Nu er geen twijfel bestaat aan het medisch oordeel van de verzekeringsarts bezwaar en beroep bestaat er geen aanleiding om een onafhankelijke deskundige te benoemen. Het ter zitting door appellant gedane verzoek hiertoe wordt afgewezen.
4.6.
De overwegingen in 4.2 tot en met 4.5 leiden tot de conclusie dat het hoger beroep niet slaagt en de aangevallen uitspraak zal worden bevestigd.

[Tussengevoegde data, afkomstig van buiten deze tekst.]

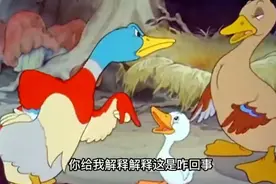 到底是谁的种？？？视频封面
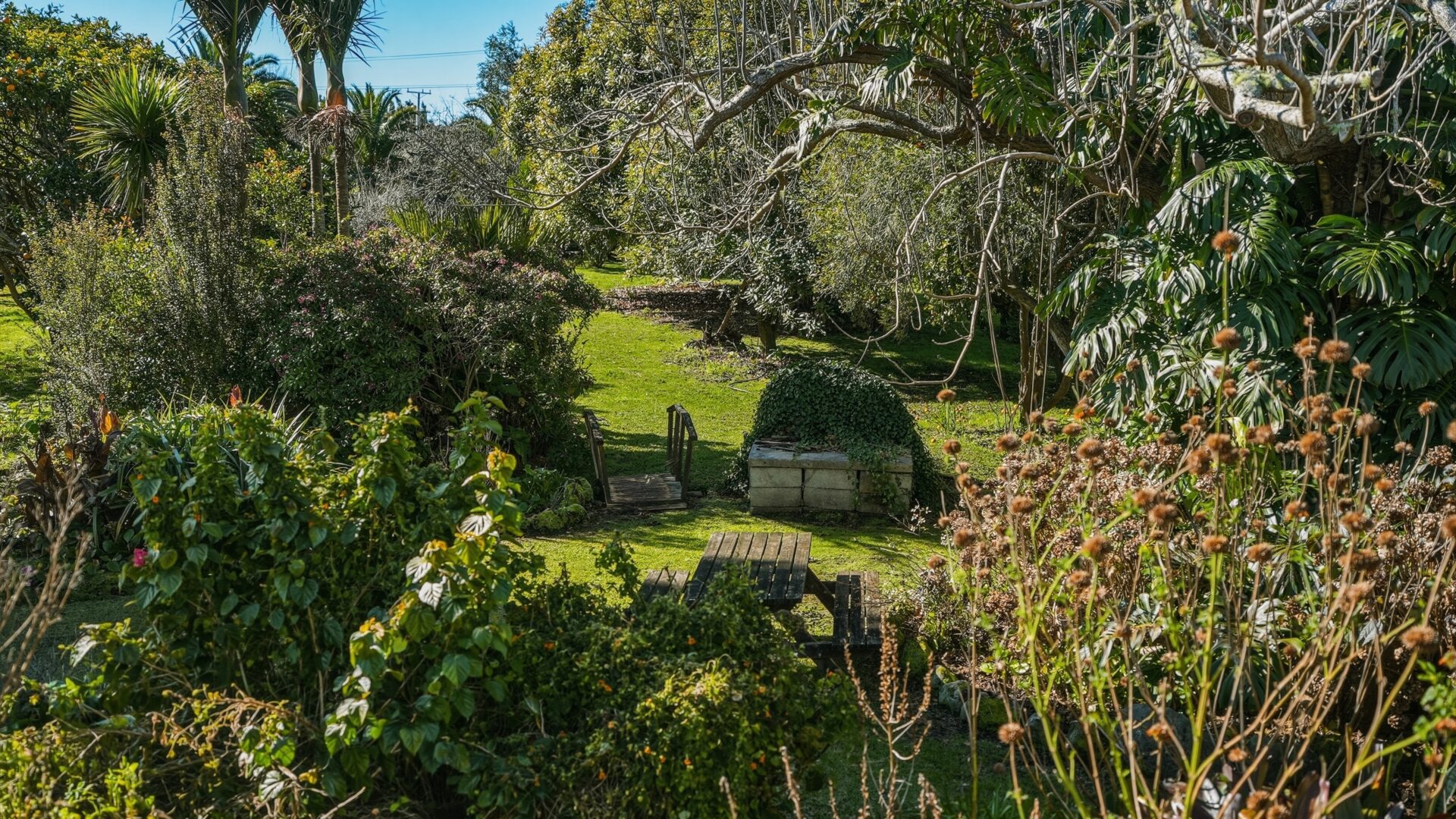 213362537__1785991524-77937-232KaimaumauRoadWaiharara027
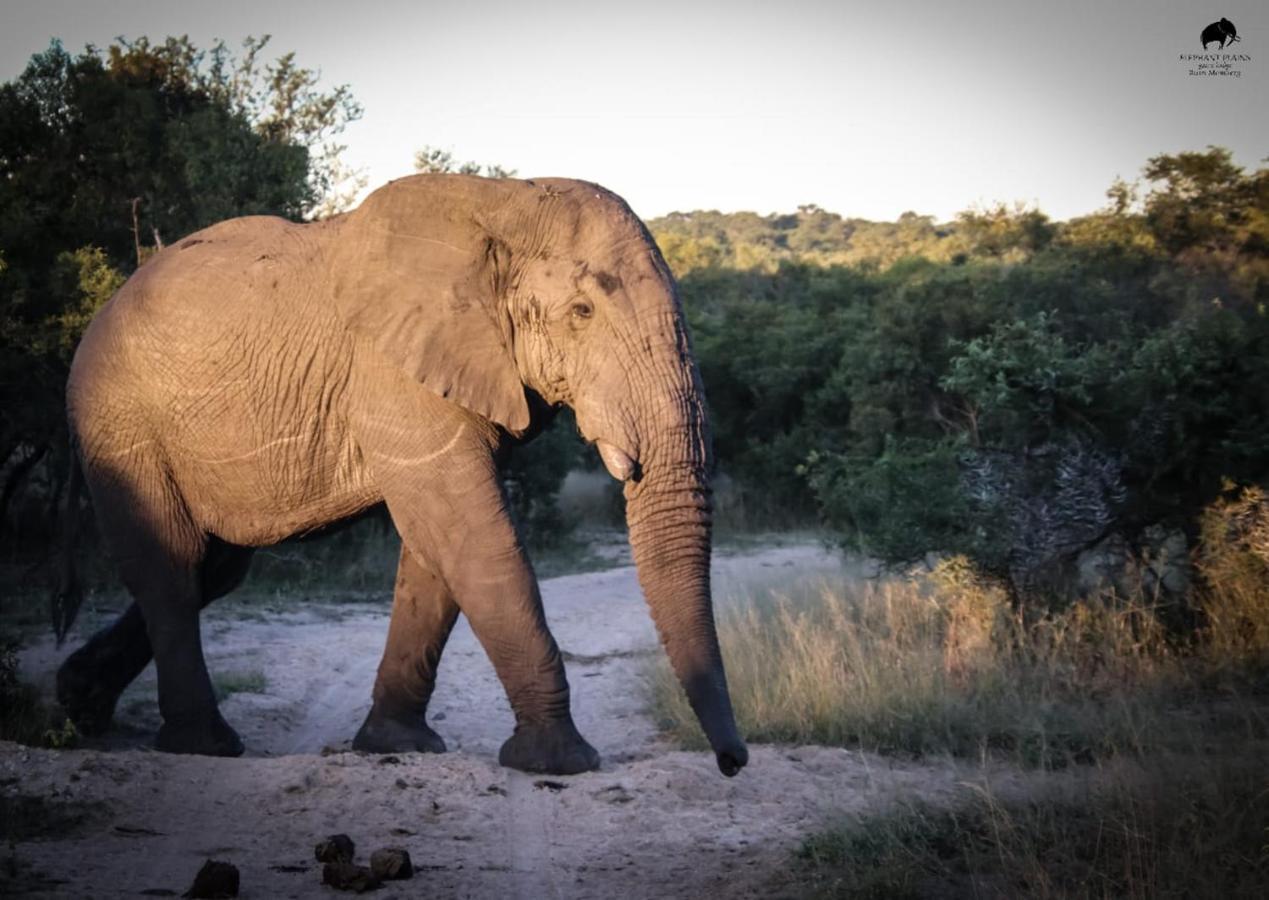 Elephant Plains Game Lodge Резерват Саби Сенд Гейм Екстериор снимка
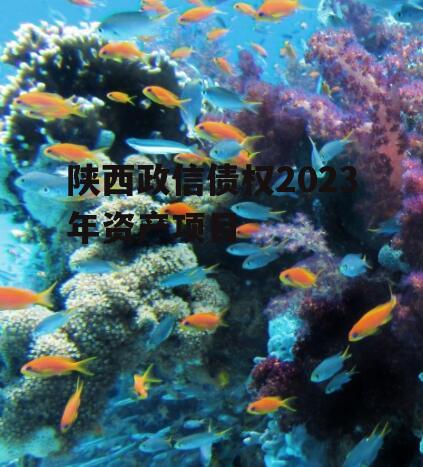 陕西政信债权2023年资产项目
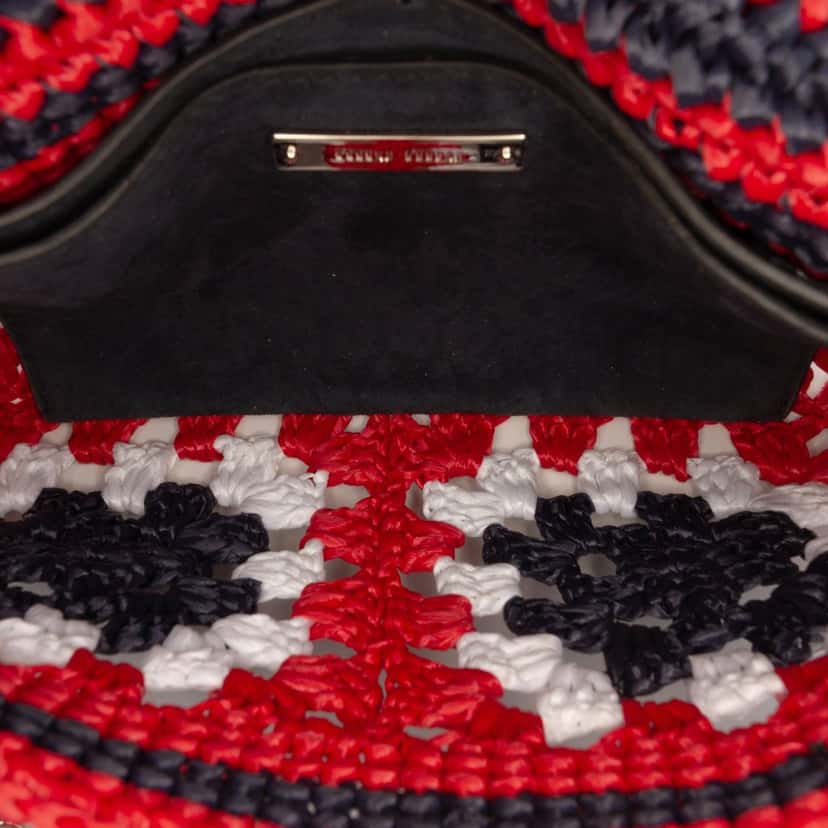 Miu Miu Multicolor Raffia Crochet Wallet on Chain Red Never worn - Model View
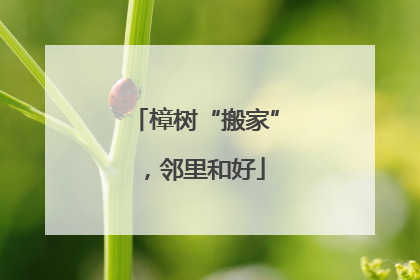 樟树“搬家”，邻里和好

5. Voor een veroordeling in de proceskosten bestaat geen aanleiding.

BESLISSING

De Centrale Raad van Beroep bevestigt de aangevallen uitspraak.
Deze uitspraak is gedaan door H.G. Rottier als voorzitter en J.P.M. Zeijen en J.T.H. Zimmerman als leden, in tegenwoordigheid van H. Spaargaren als griffier. De beslissing is uitgesproken in het openbaar op 10 december 2020.